Copy out every record below exactly as written, but leave out any pictures.

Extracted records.
○ ○ ○

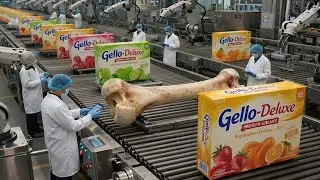 Inside a Modern Premium Gelatin Factory: From Raw Bones to Industrial Gelatin Powder (Full Process)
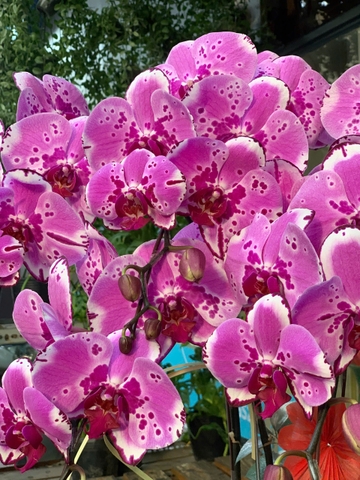 CHẬU HỒ ĐIỆP 5 CÀNH HỒNG ĐỘT BIẾN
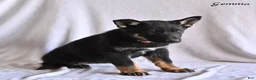 German Shepherd dogs for sale: Gemma - Ad 2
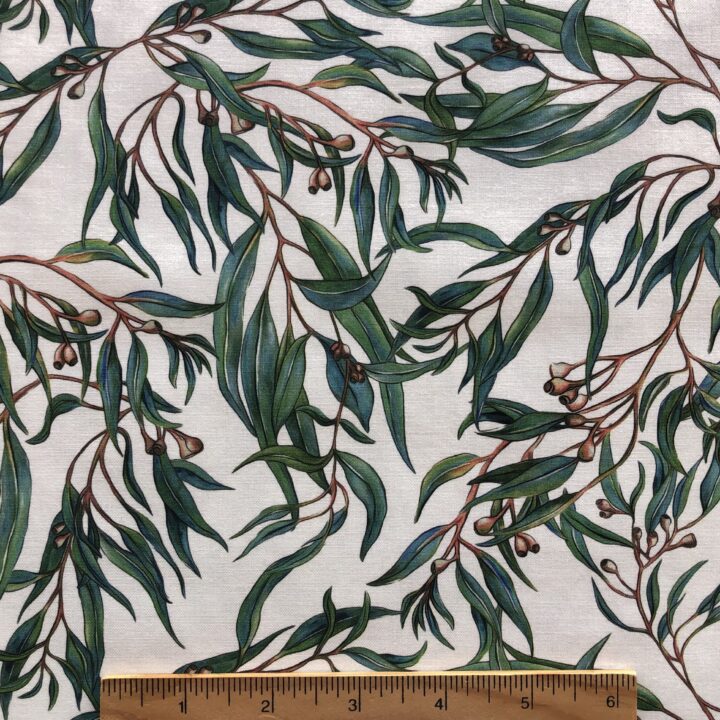 Burrangong Birdlife - Eucalyptus Leaves White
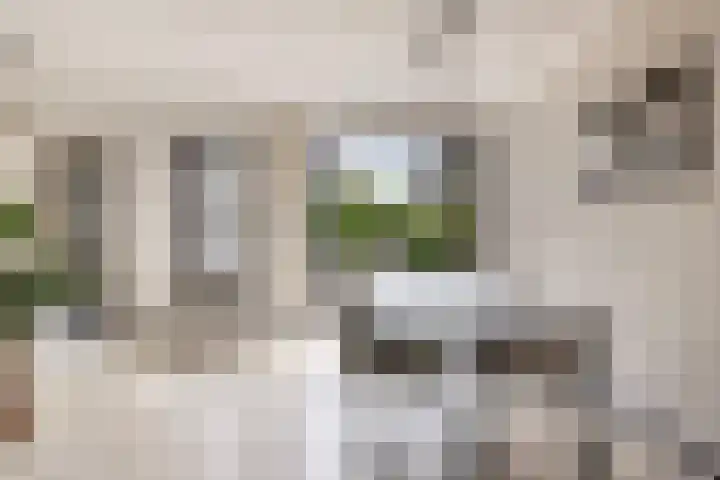 Het Var 14 Leeuwarden thumbnail 9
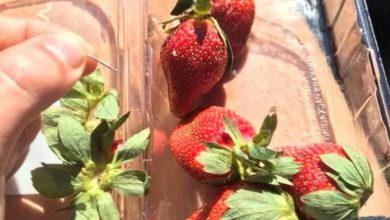 Photo of 澳果肉藏針擴散鄰國  紐超市發現藏針草莓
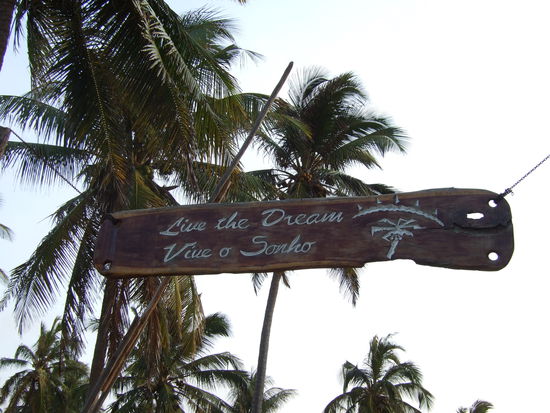 genau das mache ich gerade 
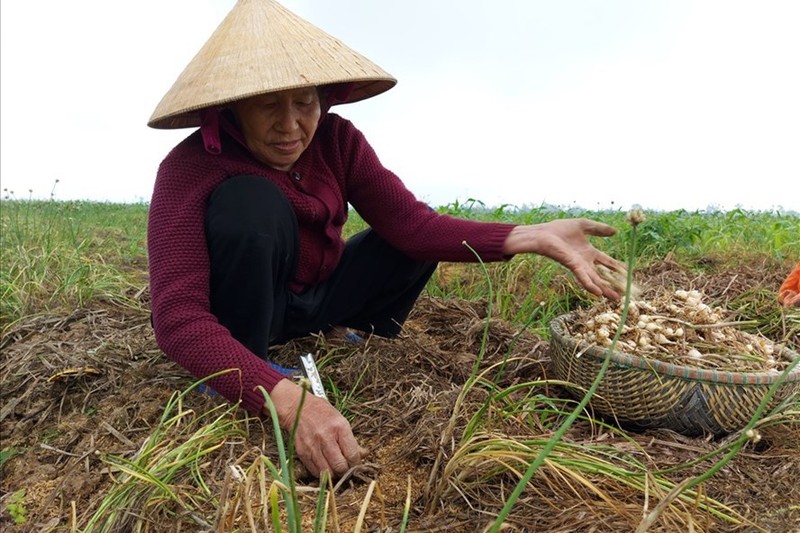 Dac san xu Nghe re chua tung co, do bo ve Ha Noi-Hinh-2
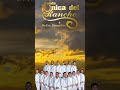 Banda la única del rancho - Miel Amarga [ Morena Music ] #shorts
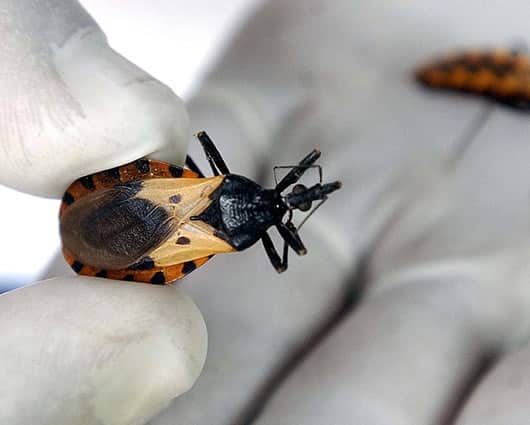 La enfermedad es transmitida por un insecto en zonas tropicales. Foto: AFP
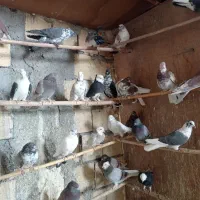 کبوتر پرشی همه خالی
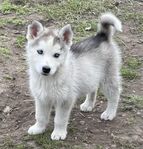 4 sinerian Husky valpar till salu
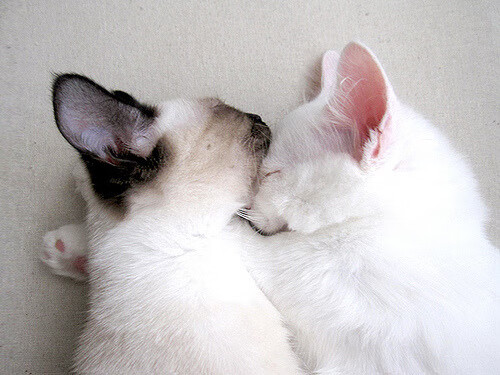 神的注解，阿圭罗用一场比赛写就唯一性教科书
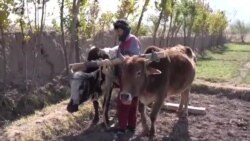 افغانستان کې وچکالۍ میلینونه خلک د خوارک له نشتوالي سره مخ کړي افغانستان کې وچکالۍ میلینونه خلک د خوارک له نشتوالي سره مخ کړي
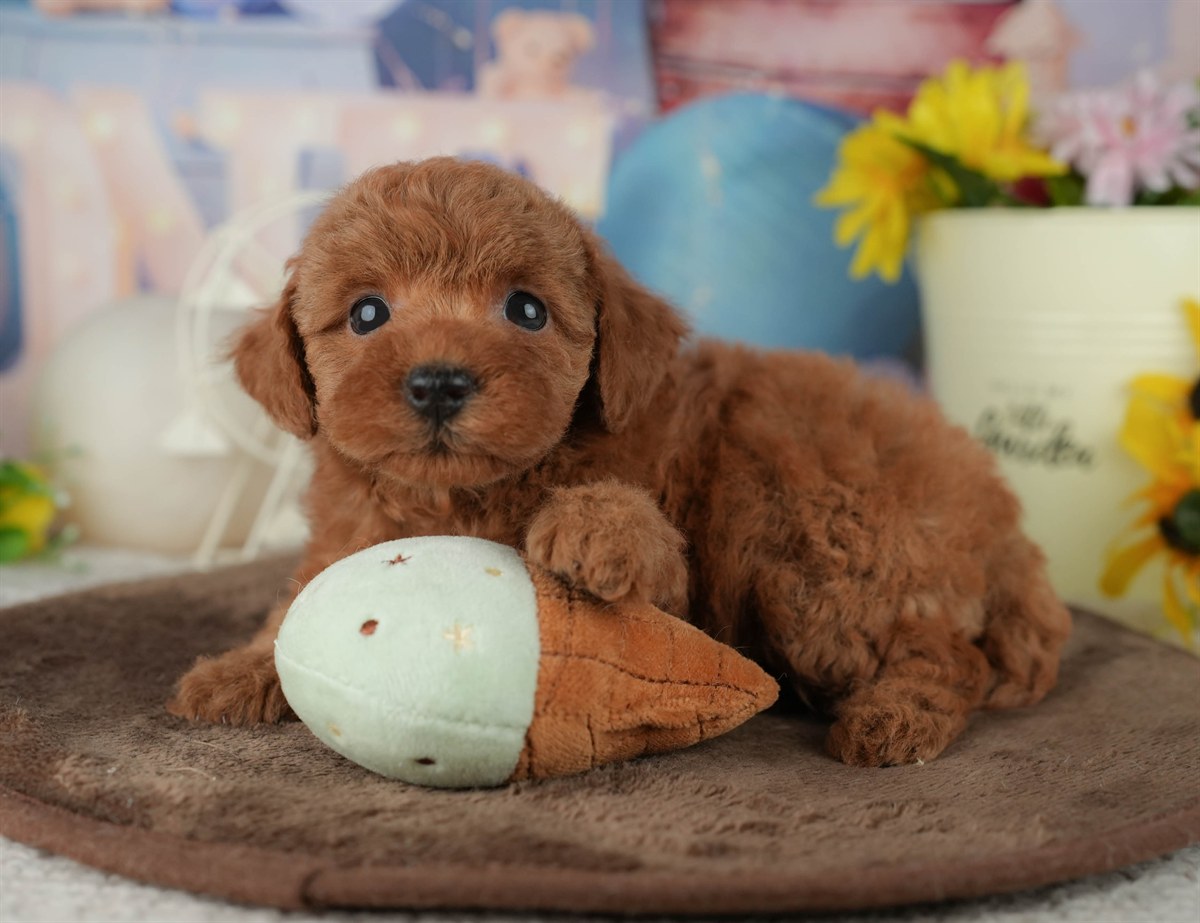 トイ・プードル | 女の子 | レッド | 2026年2月23日（ID:dog-200015684）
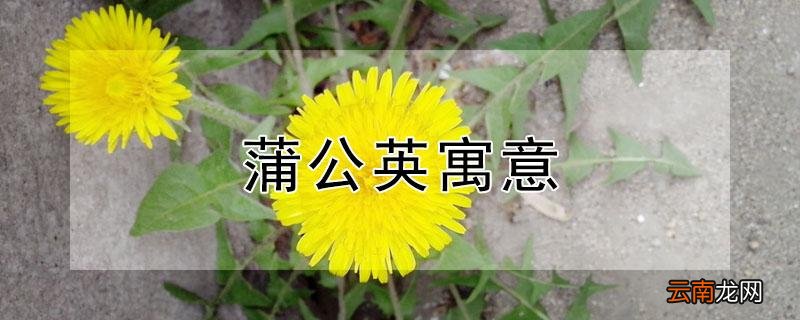 蒲公英寓意
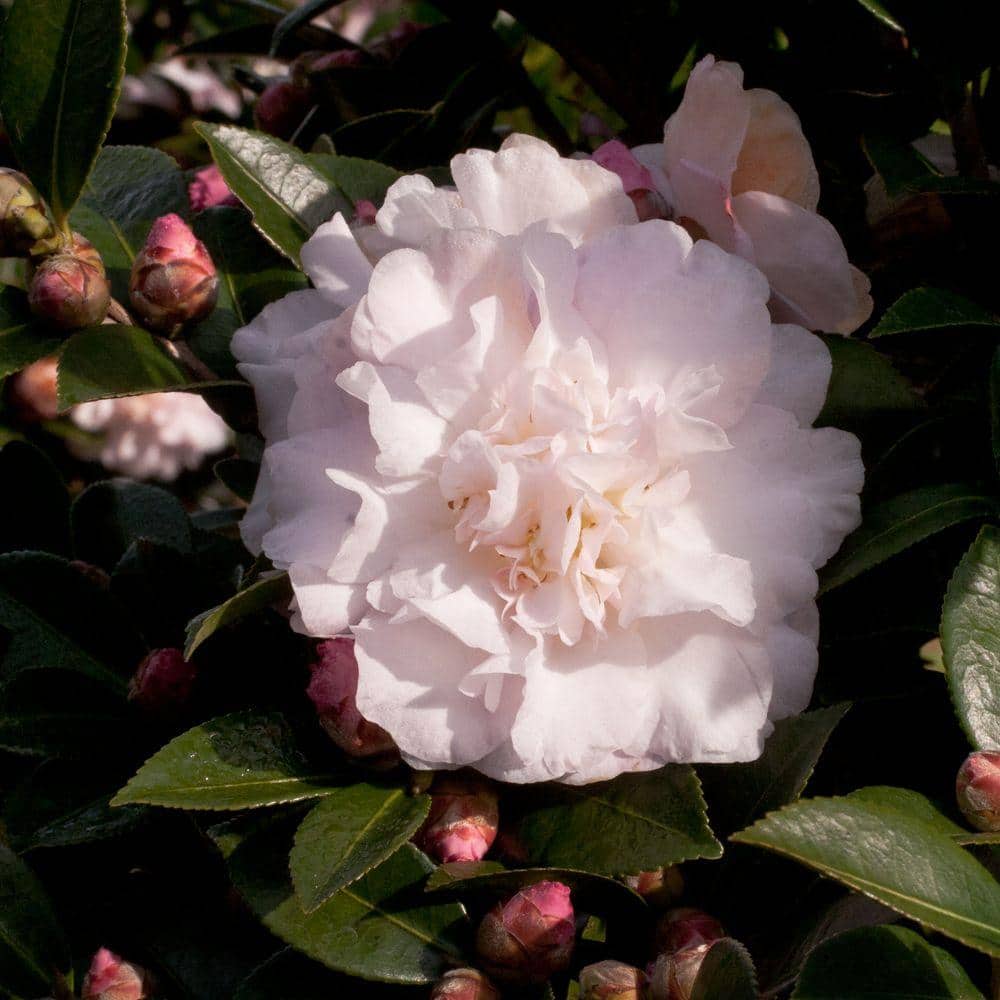 2.5 Qt. October Magic Dawn Camellia(sasanqua) – Live Evergreen Shrub with Pink Rose-form Blooms - Hercitys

○ ○ ○

Solution for this exercise.
 Inside a Modern Premium Gelatin Factory: From Raw Bones to Industrial Gelatin Powder (Full Process)
 CHẬU HỒ ĐIỆP 5 CÀNH HỒNG ĐỘT BIẾN
 German Shepherd dogs for sale: Gemma - Ad 2
 Burrangong Birdlife - Eucalyptus Leaves White
 Het Var 14 Leeuwarden thumbnail 9
 Photo of 澳果肉藏針擴散鄰國  紐超市發現藏針草莓
 genau das mache ich gerade 
 Dac san xu Nghe re chua tung co, do bo ve Ha Noi-Hinh-2
 Banda la única del rancho - Miel Amarga [ Morena Music ] #shorts
 La enfermedad es transmitida por un insecto en zonas tropicales. Foto: AFP
 کبوتر پرشی همه خالی
 4 sinerian Husky valpar till salu
 神的注解，阿圭罗用一场比赛写就唯一性教科书
 افغانستان کې وچکالۍ میلینونه خلک د خوارک له نشتوالي سره مخ کړي افغانستان کې وچکالۍ میلینونه خلک د خوارک له نشتوالي سره مخ کړي
 トイ・プードル | 女の子 | レッド | 2026年2月23日（ID:dog-200015684）
 蒲公英寓意
 2.5 Qt. October Magic Dawn Camellia(sasanqua) – Live Evergreen Shrub with Pink Rose-form Blooms - Hercitys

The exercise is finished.